The problem >> Every line of the listing below from the one with "Create a vintage" up to and including the one with "Breathable black flying" should be retyped exactly, and nothing else; pictures are not part of the copy.

Records supplied >>
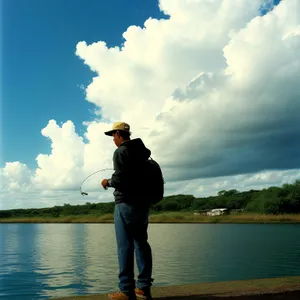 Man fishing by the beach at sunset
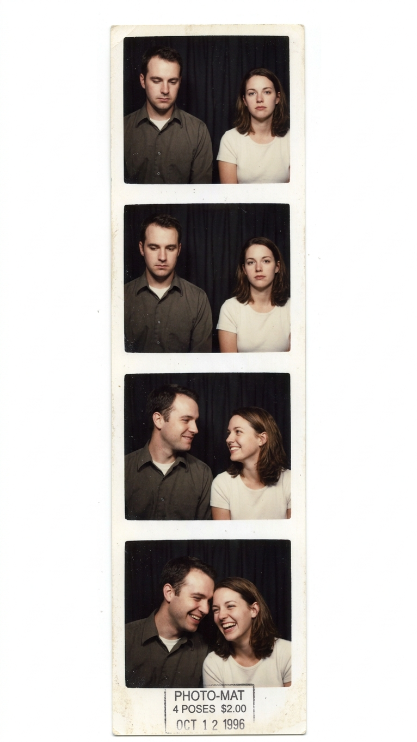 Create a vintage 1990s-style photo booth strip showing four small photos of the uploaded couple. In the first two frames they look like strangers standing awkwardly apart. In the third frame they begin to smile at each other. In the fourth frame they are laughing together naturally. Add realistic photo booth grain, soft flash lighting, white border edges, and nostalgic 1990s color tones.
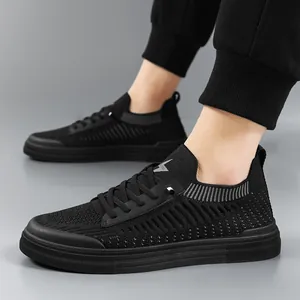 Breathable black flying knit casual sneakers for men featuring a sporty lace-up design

--

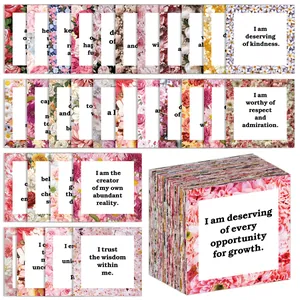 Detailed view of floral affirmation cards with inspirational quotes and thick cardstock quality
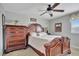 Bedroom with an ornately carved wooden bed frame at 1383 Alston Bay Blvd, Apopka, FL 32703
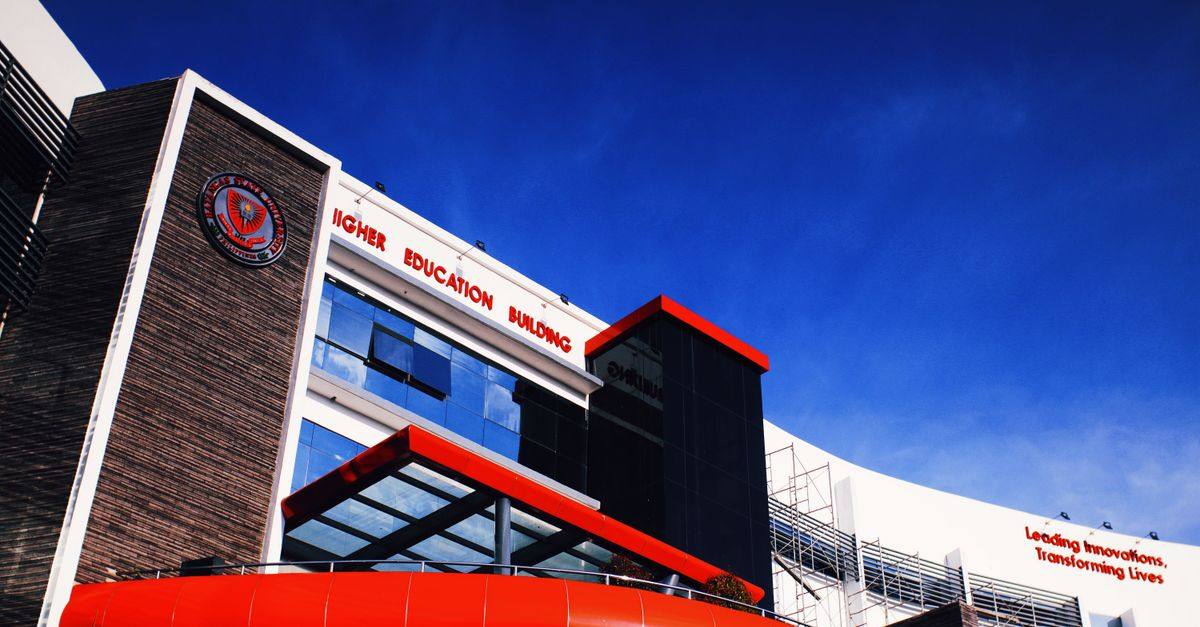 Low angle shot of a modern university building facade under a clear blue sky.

Result >>
 Create a vintage 1990s-style photo booth strip showing four small photos of the uploaded couple. In the first two frames they look like strangers standing awkwardly apart. In the third frame they begin to smile at each other. In the fourth frame they are laughing together naturally. Add realistic photo booth grain, soft flash lighting, white border edges, and nostalgic 1990s color tones.
 Breathable black flying knit casual sneakers for men featuring a sporty lace-up design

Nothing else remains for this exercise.